Unnamed: 0.1,order_id,user_id,customer_sequential_order_number,orders_day_of_week,order_hour_of_day,days_since_prior_order,product_id,Unnamed: 0,product_name,department_id,prices,price_range_loc,busy,busy_days,busiest_period_of_day
0,2539329,1,1,2,8,,196,195,Soda,7,9.0,2,2,2,2
1,2539329,1,1,2,8,,14084,14084,Organic Unsweetened Vanilla Almond Milk,16,12.5,2,2,2,2
2,2539329,1,1,2,8,,12427,12427,Original Beef Jerky,19,4.4,1,2,2,2
3,2539329,1,1,2,8,,26088,26089,Aged White Cheddar Popcorn,19,4.7,1,2,2,2
4,2539329,1,1,2,8,,26405,26406,XL Pick-A-Size Paper Towel Rolls,17,1.0,1,2,2,2


In [3]:
#dropping Unnamed: 0 column
df_orders_products_merged.drop('Unnamed: 0', axis=1, inplace=True)

### Step 2 - In this Exercise, you learned how to find the aggregated mean of the “order_number” column grouped by “department_id” for a subset of your dataframe. Now, repeat this process for the entire dataframe.

In [4]:
df_orders_products_merged.groupby('department_id').agg({'customer_sequential_order_number': ['mean']})

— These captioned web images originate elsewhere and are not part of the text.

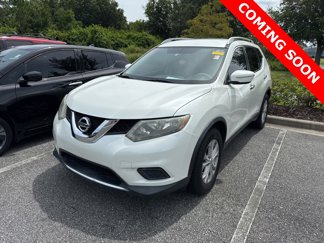 Used 2015 Nissan Rogue SV image 1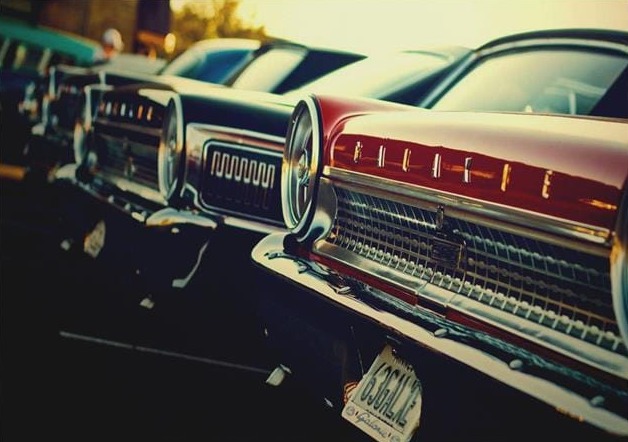 Arabalar Retro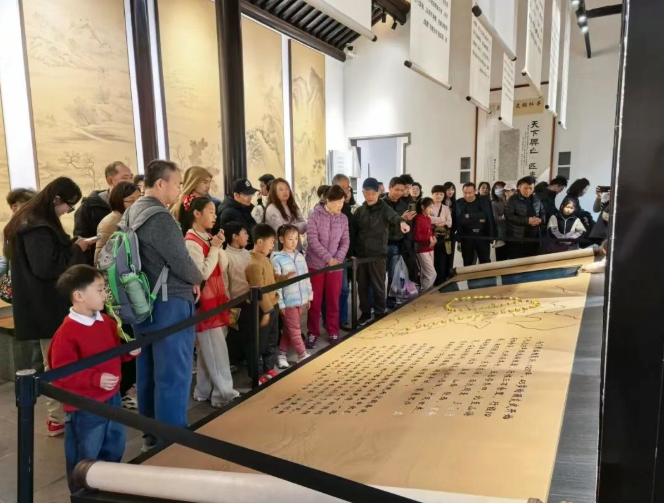 昆山首批“小小社科讲解员”春节期间上岗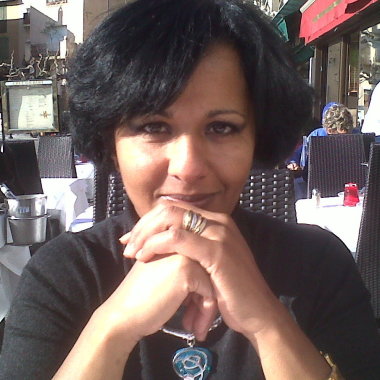 Faiza femme au foyer - traduction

Unnamed: 0_level_0,customer_sequential_order_number
Unnamed: 0_level_1,mean
department_id,Unnamed: 1_level_2
1,15.457838
2,17.27792
3,17.170395
4,17.811403
5,15.215751
6,16.439806
7,17.225814
8,15.34065
9,15.895474
10,20.197148


### Step 3 - Analyze the result. How do the results for the entire dataframe differ from those of the subset? Include your comments in a markdown cell below the executed code.

Results are similar, some departments show average values a bit higher, other departments a bit lower.

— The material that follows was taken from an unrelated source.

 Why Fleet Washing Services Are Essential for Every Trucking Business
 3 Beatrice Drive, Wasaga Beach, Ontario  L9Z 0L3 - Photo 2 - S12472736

This is expected. What we did previously was to make a sample of 1 million records out of 32 million (the entire "population"). In statistical terms, assuming that the first million records are random enough, we could run a hipothesis test (with a z-test) for each department to check if the samples are part of a population. z-test is more appropriate here, because we could know the standard deviation of the population.

### Step 4 - Follow the instructions in the Exercise for creating a loyalty flag for existing customers using the transform() and loc() functions.

In [5]:
#first, we create a column called max_order that will store the maximum number of orders that each customer did
df_orders_products_merged['max_order'] = df_orders_products_merged.groupby(['user_id'])['customer_sequential_order_number'].transform('max')

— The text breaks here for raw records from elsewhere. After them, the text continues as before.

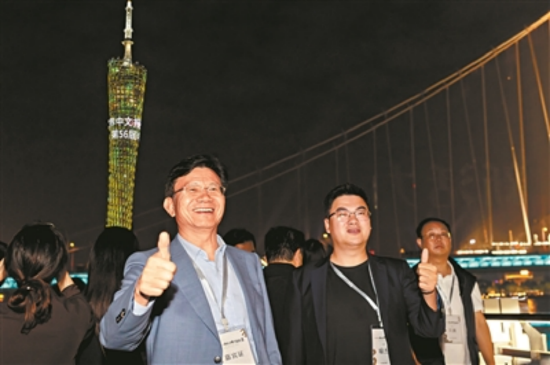 在珠江游船之上,嘉宾们点赞广州之旅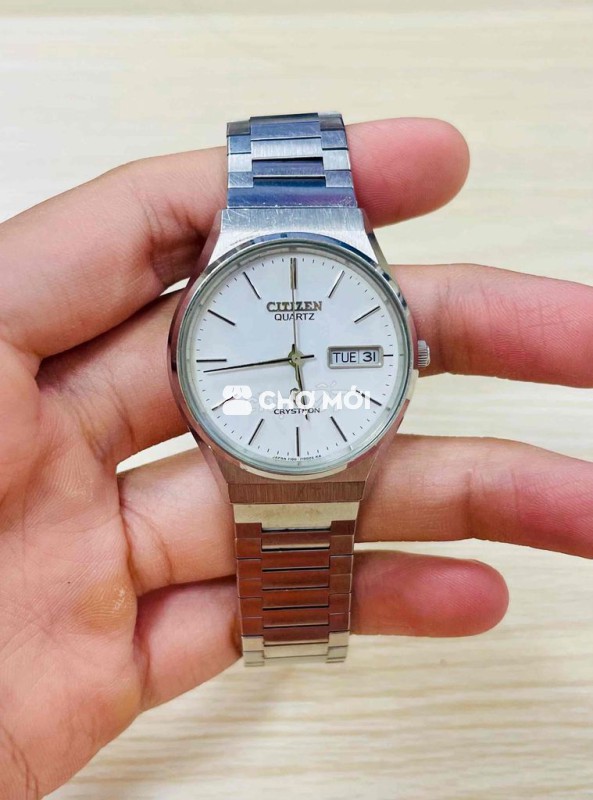 Citizen Crystron măt trắng 2 lịch full zin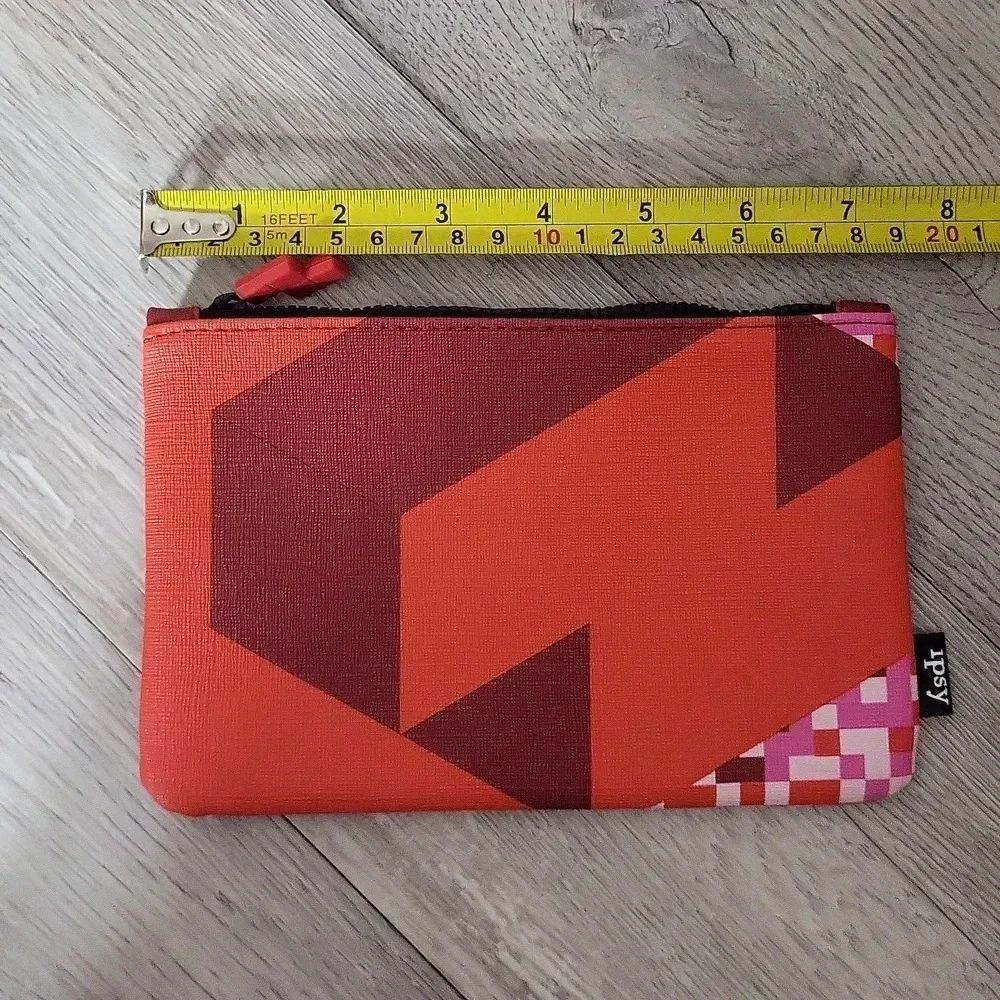 ipsy tetris red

**Note**: in order to avoid a warning that was showing up, I've used as recommended the string `'max'` instead of `np.max`, as it was in the exercise

In [6]:
#using loc method to create loyalty flag
#The number convention here will be as described below. This number convention is to save memory. 
#Any future visualizations should have this for reference, to display something understandable to the user.
# 1 = new customer
# 2 = regular customer
# 3 = Loyal customer

df_orders_products_merged.loc[df_orders_products_merged['max_order'] > 40, 'loyalty_flag'] = 3
df_orders_products_merged.loc[(df_orders_products_merged['max_order'] <= 40) & (df_orders_products_merged['max_order'] > 10), 'loyalty_flag'] = 2
df_orders_products_merged.loc[df_orders_products_merged['max_order'] <= 10, 'loyalty_flag'] = 1

In [7]:
#changing datatype to effectively save memory (field was a float64)
df_orders_products_merged['loyalty_flag'] = df_orders_products_merged['loyalty_flag'].astype('int8')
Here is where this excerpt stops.